START Input data
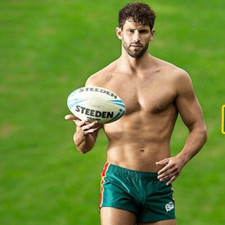 New aussieBum Rugby Blitz/ Swim Shorts, Green, Extra Large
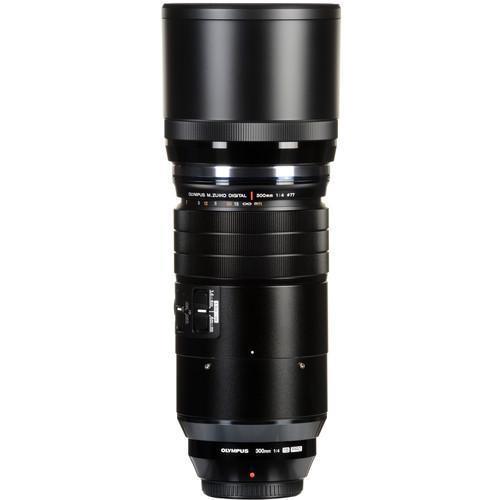 Olympus M.Zuiko Digital ED 300mm f/4 IS PRO Lens Camera tek
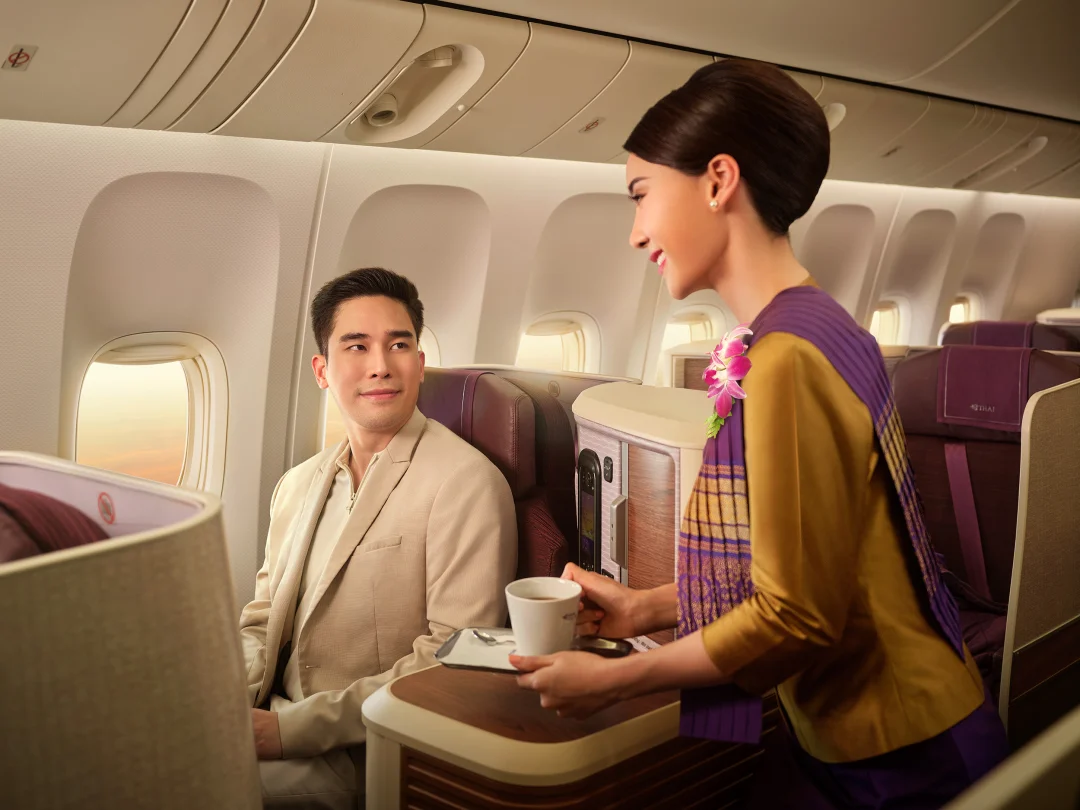 Thai Airways Royal Silk Business Class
END Input data
→ Work item:
Beginning with the line that has "Olympus M.Zuiko Digital", repeat each remaining line of the data above word for word, keeping pictures out.

→ Response below:
 Olympus M.Zuiko Digital ED 300mm f/4 IS PRO Lens Camera tek
 Thai Airways Royal Silk Business Class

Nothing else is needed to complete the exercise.